GIDA EGEMENLİĞİ AÇISINDAN TÜRKİYE TARIMI

Giriş

Bireylerin, toplulukların ve ülkelerin kendi gıdalarını üretebilmeleri ve bu amaca yönelik olarak bağımsız tarım politikalarını belirleyebilme ya da sahip olmalarına ‘’Gıda Egemenliği’’ diyoruz. Gıda egemenliği, ulusal gıda pazarlarının adil olmayan dış ticaretten korunması, ülkenin ve çiftçilerin genetik, toprak ve su gibi kaynakları üzerinde haklarının çokuluslu şirketlere karşı korunması ile sağlanabilir. Bugün dünya’da Uluslararası Para Fonu (UPF), Dünya Bankası (DB) ve Dünya Ticaret Örgütü (DTÖ) gibi merkez ülkelerin denetiminde örgütler aracılığıyla, onların yararına çalışan ve gerçekte olmayan bir serbest piyasa düzeni vardır. Bu durum, üçüncü dünya ülkelerinin tarımını olumsuz olarak etkilemiş, örneğin Türkiye bile tarım ürünleri dış alımcısı olmuş, gıda egemenliğini kaybetmiştir. Süreç devam etmektedir.
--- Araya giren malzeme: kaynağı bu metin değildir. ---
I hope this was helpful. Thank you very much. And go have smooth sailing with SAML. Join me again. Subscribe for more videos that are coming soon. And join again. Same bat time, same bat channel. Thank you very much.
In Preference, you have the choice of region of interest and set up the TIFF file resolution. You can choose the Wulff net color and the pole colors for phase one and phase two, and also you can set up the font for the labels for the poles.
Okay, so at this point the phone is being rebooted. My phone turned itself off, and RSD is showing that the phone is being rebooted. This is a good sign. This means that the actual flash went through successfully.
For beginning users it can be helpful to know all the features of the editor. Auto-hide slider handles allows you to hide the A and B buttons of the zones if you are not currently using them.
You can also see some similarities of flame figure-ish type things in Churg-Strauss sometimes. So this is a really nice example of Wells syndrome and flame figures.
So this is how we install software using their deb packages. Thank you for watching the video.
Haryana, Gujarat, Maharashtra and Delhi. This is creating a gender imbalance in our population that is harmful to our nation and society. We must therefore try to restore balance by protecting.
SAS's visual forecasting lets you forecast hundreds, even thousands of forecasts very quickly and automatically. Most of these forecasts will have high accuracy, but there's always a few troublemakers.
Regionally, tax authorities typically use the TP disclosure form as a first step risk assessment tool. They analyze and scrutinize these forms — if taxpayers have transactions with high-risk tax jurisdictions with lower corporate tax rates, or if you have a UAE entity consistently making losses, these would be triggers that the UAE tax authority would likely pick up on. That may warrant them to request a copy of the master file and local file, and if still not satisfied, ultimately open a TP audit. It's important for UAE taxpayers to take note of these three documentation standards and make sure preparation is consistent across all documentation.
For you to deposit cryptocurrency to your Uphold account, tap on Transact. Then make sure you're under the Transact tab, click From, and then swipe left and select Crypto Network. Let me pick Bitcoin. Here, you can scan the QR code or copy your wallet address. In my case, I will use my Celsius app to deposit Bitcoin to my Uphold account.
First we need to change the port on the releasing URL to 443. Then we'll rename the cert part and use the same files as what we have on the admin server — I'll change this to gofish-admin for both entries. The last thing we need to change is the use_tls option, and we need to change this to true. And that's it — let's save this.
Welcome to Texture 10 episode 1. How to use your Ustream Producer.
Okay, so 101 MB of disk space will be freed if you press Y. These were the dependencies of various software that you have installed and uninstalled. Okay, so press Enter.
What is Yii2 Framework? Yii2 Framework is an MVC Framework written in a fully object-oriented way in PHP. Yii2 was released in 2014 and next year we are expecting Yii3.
Yazıda, sırasıyla “Tarımın Gıda Egemenliği Açısından Önemi” anlatılacak, daha sonra sırasıyla “Türkiye’de Tarım Neden Çökertilmek İsteniyor?”,Türkiye’de Tarım Nasıl Çökertildi?” “Tarımın Çökertilmesinde Özelleştirmelerin Payı” ve “Türkiye Tarımının Bugünü” konuları irdelenecektir. Son olarak “Dışa Bağımlı Politikalara Seçenek; Ulusal Tarım Politikaları” başlığı ile çok kısa önermeler yapılacaktır.

Tarımın Gıda Egemenliği Açısından Önemi

Tarımsal üretim ülkelerin bağımsızlığının vazgeçilmez bir parçasıdır, bir başka deyişle “Tarım Bağımsızlıktır.”* Bir ülkenin bağımsızlığı, öncelikle bireylerinin doyması ile olası. Aç bırakılan bireyler, önce öz güvenlerini, sonra da umutlarını yitirirler. Bunun sonucunda ulusal bilinç kaybolur ve kitleler kim karınlarını doyurursa, onların egemenliği altına girerler.

Geçtiğimiz iki dünya savaşında, daha doğru bir deyimle iki emperyal paylaşım savaşında, Avrupa ve Rusya’da bu durum yaşandı. Anılan savaşlarda açlıktan ölen insanların sayısı, neredeyse savaşarak ölenlerin sayısından fazlaydı. Avrupa’da şimdilerde kimilerince lüks tüketim sayılan kurbağa bacağı, salyangoz gibi uç besinlerin tüketimi, savaşlar sırasında ortaya çıktı. Bu ülkelerde, sokakta kedi, köpek kalmamıştı.

Açlığın yıkımlarını yaşayan AB ülkelerinde tarımın olağanüstü desteklenmesinin ardında yatan gerçeğin nedenlerinden biri de buydu.

Kısaca, insanlar tarımın ürettikleriyle önce doyarlar, giyinirler ve sonrada tarımsal sanayi ile katma değer üretirler. Tarım ve sanayileşme aynı değerde vazgeçilmez iki sektördür. Sanayi ve tarım birbirini tamamlar.

Türkiye’de Tarım Neden Çökertilmek İsteniyor?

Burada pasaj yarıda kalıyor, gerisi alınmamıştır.